--- START ---

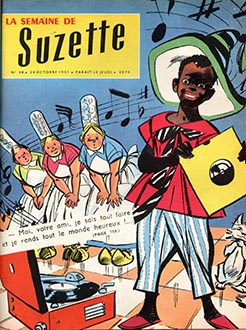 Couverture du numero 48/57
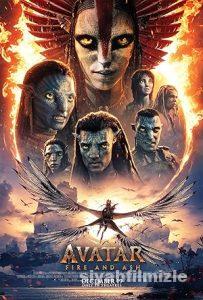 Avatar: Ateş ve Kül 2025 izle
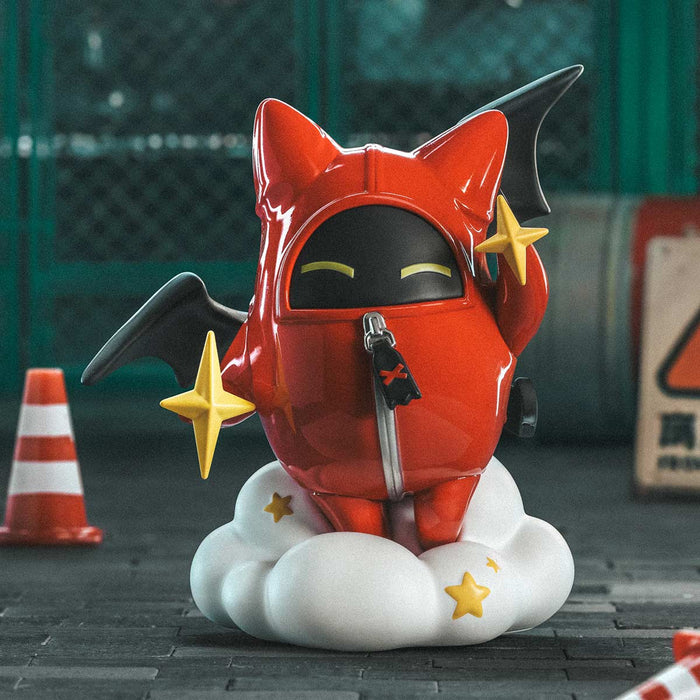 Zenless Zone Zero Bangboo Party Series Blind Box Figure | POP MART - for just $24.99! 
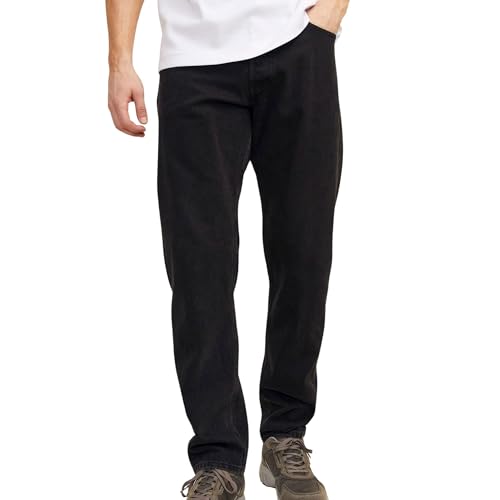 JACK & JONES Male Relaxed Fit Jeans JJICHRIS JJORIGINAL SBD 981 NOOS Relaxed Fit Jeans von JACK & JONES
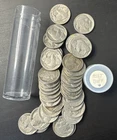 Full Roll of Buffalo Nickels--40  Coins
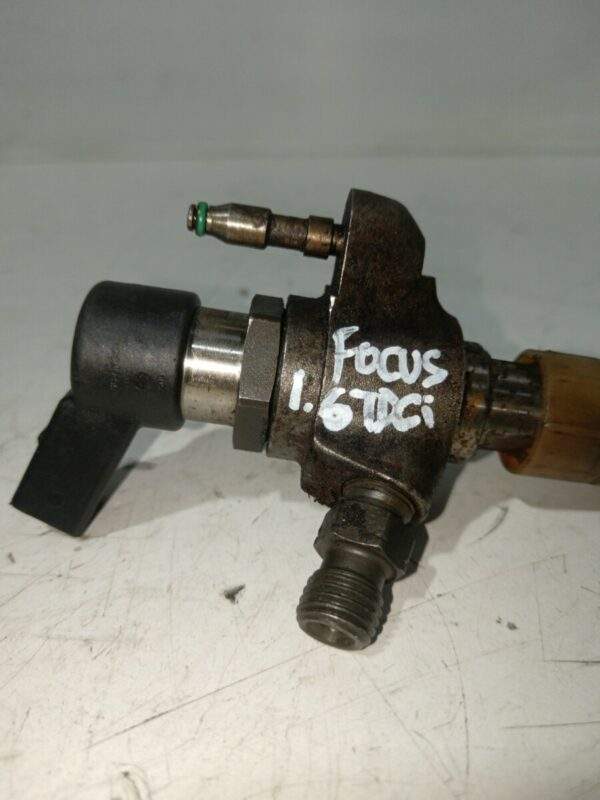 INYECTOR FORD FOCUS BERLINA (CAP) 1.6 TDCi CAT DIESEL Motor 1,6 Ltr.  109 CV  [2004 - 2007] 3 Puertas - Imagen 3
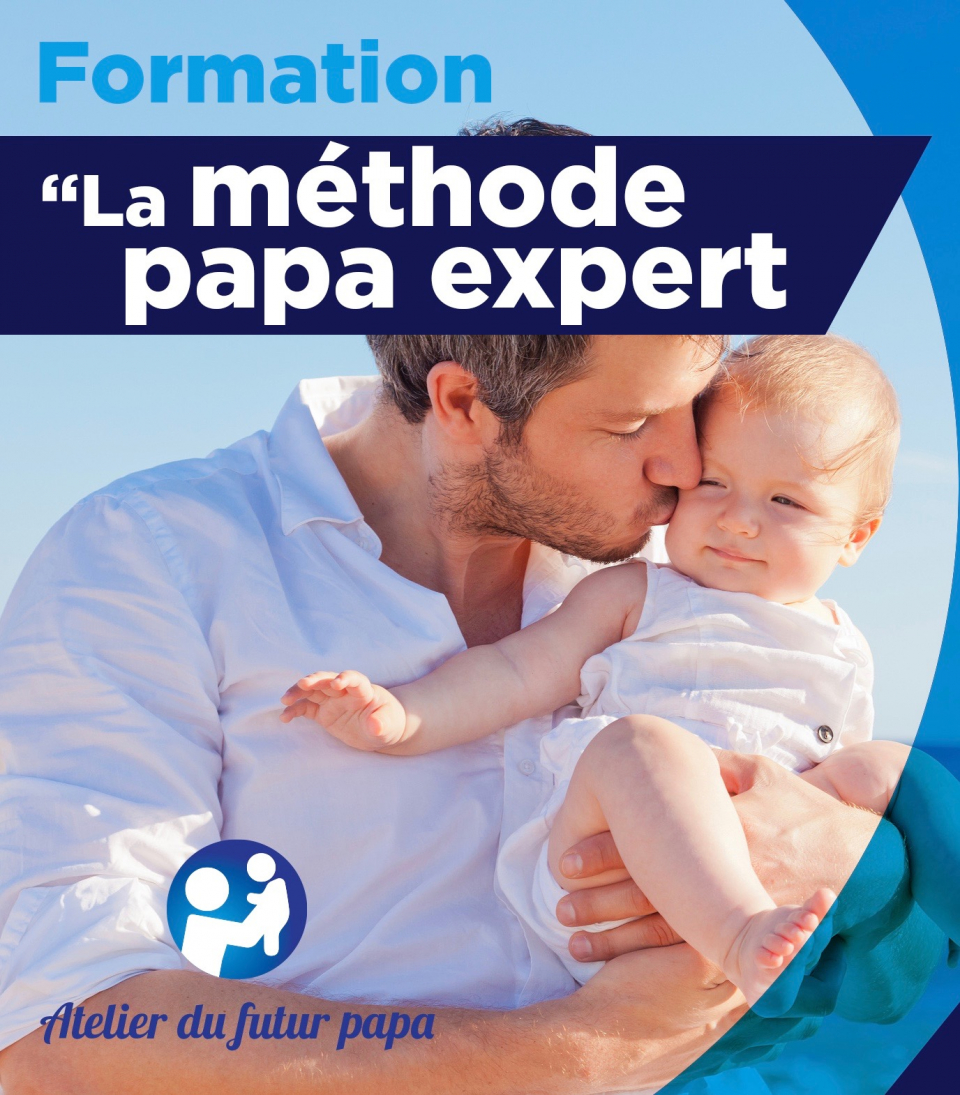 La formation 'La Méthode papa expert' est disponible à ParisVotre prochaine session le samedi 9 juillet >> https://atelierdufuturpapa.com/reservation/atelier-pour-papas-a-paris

--- END ---
--- START ---

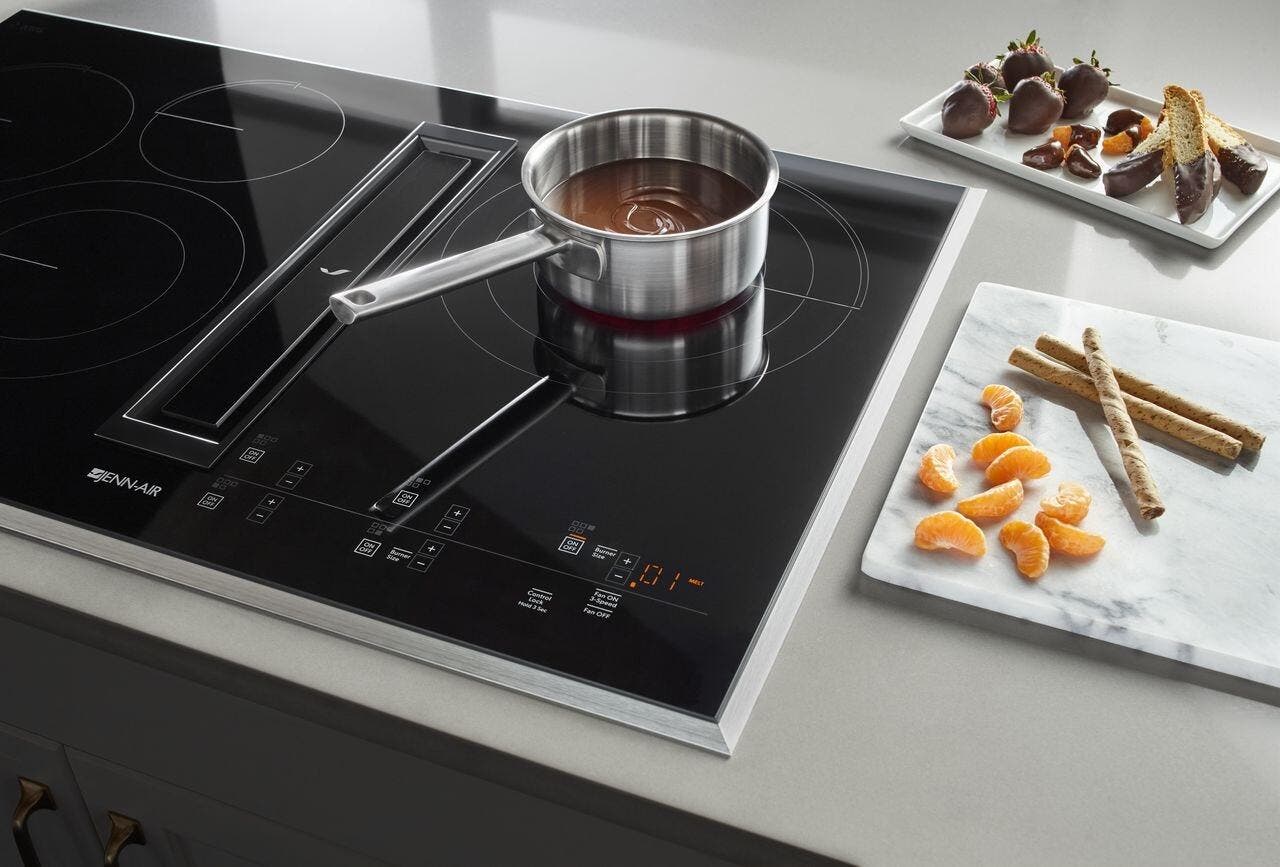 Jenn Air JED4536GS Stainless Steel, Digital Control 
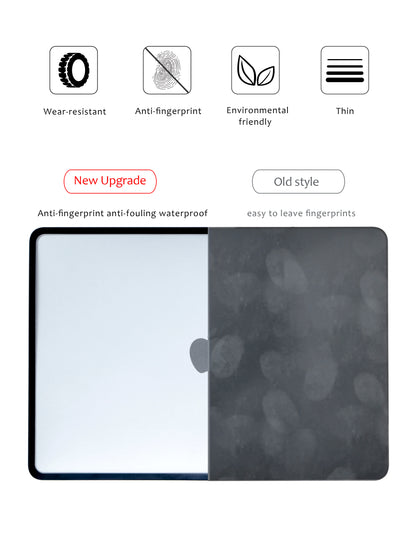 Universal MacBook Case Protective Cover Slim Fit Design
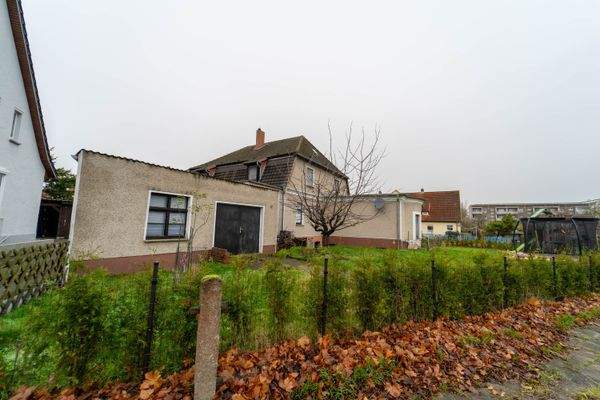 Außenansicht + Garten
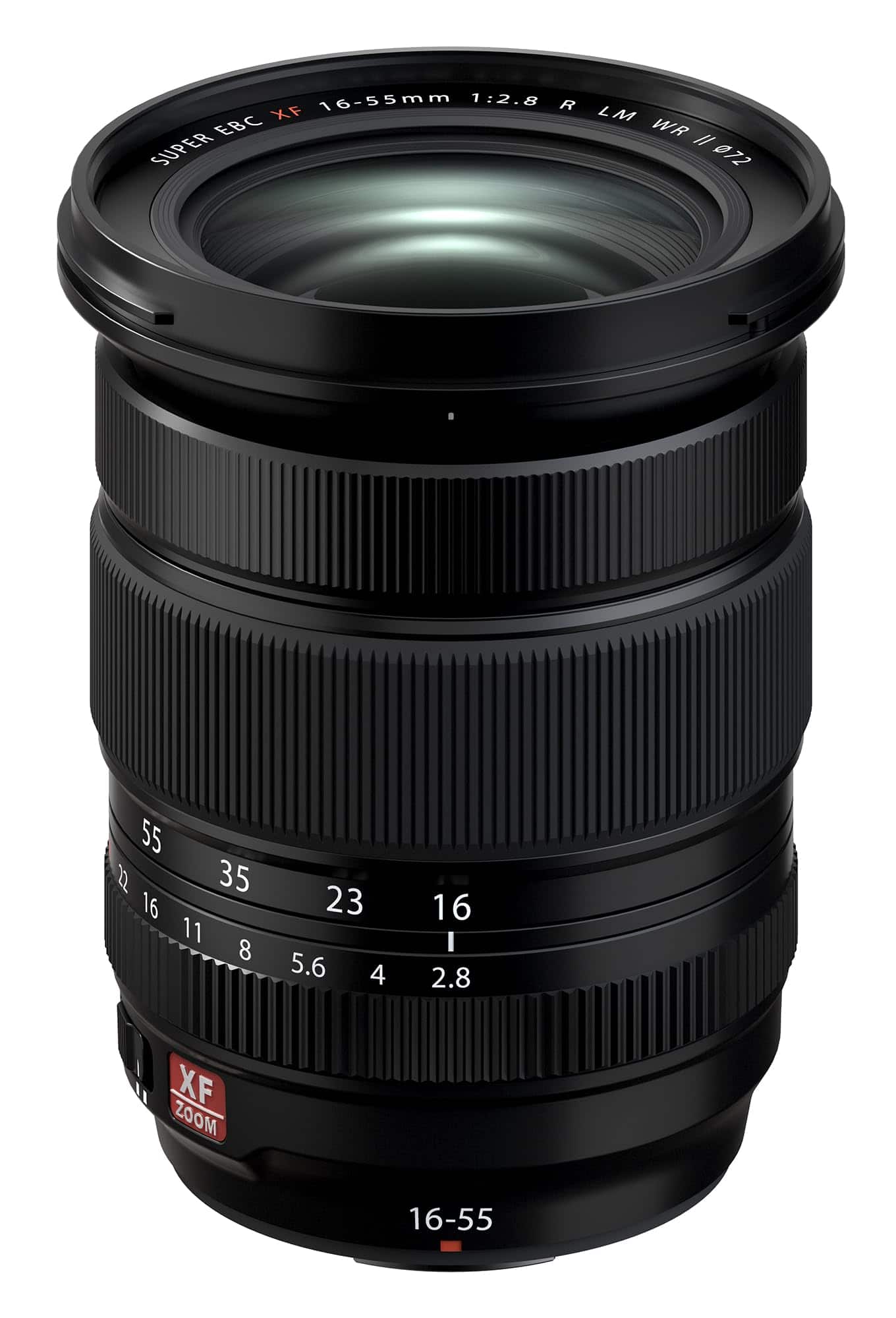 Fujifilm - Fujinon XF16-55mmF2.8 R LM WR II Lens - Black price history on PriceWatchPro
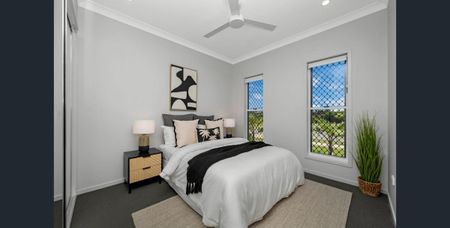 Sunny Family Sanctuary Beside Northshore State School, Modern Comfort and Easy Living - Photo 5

--- END ---
--- START ---

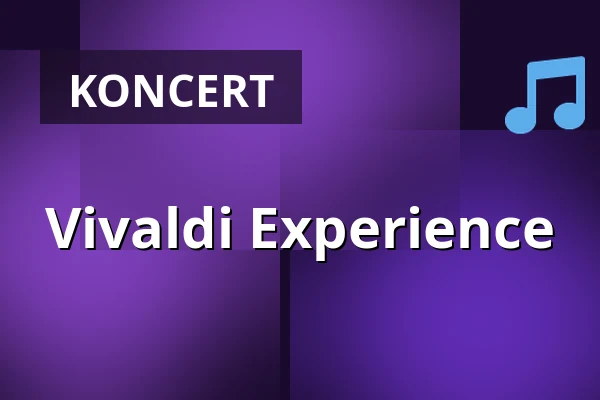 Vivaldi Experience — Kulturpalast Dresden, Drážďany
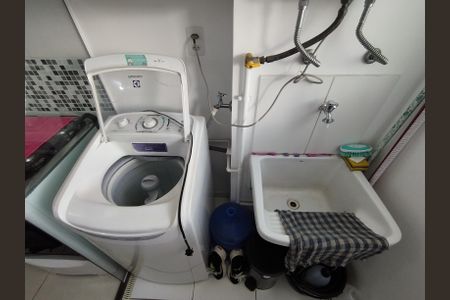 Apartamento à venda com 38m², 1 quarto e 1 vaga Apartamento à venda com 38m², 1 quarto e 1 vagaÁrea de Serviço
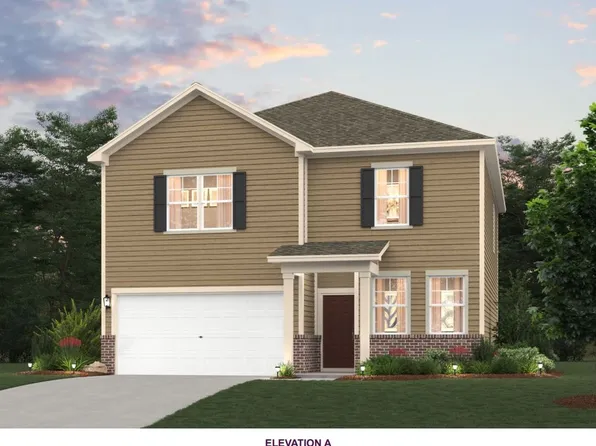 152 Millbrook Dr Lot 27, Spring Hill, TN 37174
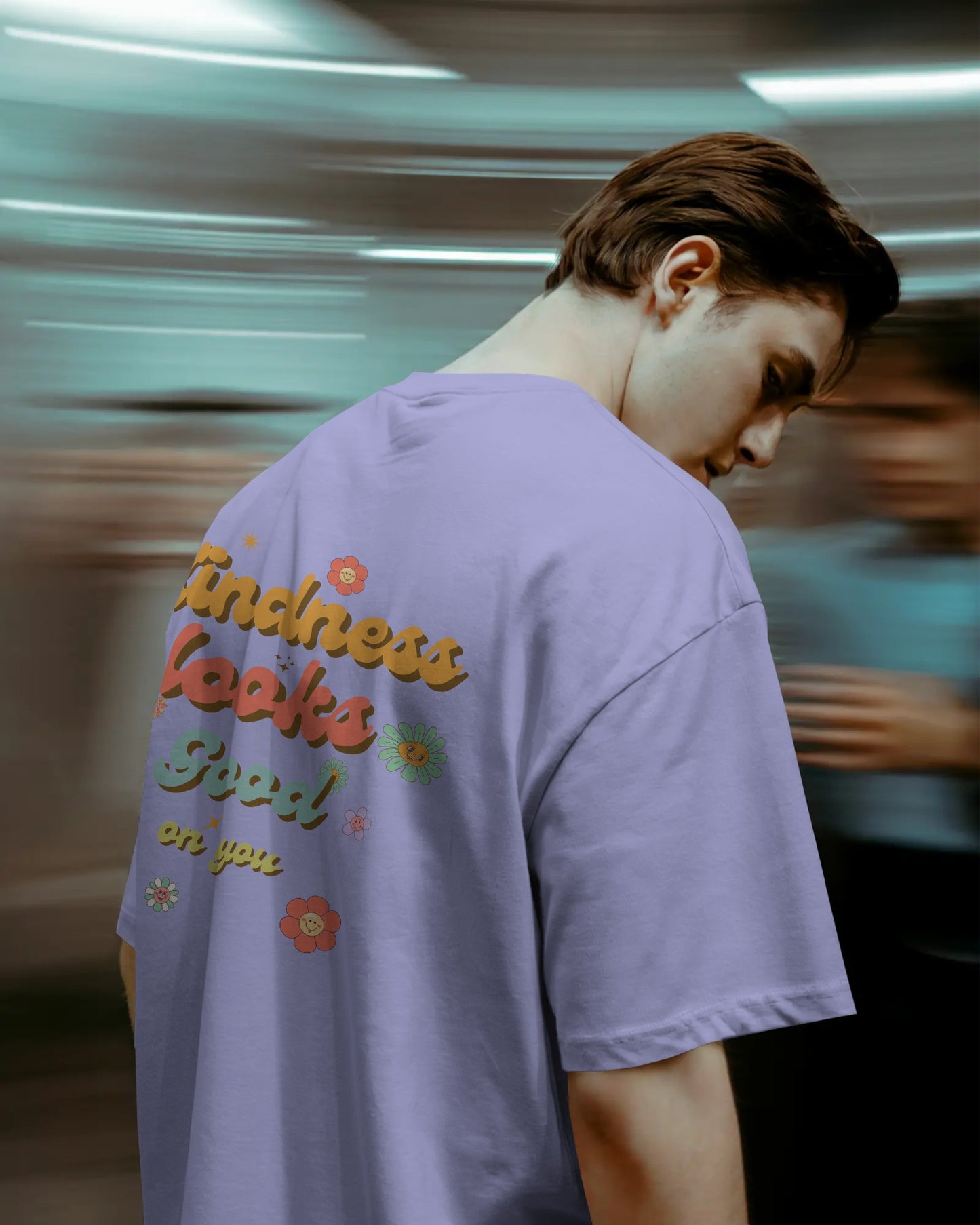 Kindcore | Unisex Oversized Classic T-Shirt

--- END ---

# BRIEF
Exactly the lines above, from the one containing "Zenless Zone Zero" down to the one containing "La formation 'La", are to be repeated, including both ends. Pictures are not part of the copy.

# TASK OUTPUT
 Zenless Zone Zero Bangboo Party Series Blind Box Figure | POP MART - for just $24.99! 
 JACK & JONES Male Relaxed Fit Jeans JJICHRIS JJORIGINAL SBD 981 NOOS Relaxed Fit Jeans von JACK & JONES
 Full Roll of Buffalo Nickels--40  Coins
 INYECTOR FORD FOCUS BERLINA (CAP) 1.6 TDCi CAT DIESEL Motor 1,6 Ltr.  109 CV  [2004 - 2007] 3 Puertas - Imagen 3
 La formation 'La Méthode papa expert' est disponible à ParisVotre prochaine session le samedi 9 juillet >> https://atelierdufuturpapa.com/reservation/atelier-pour-papas-a-paris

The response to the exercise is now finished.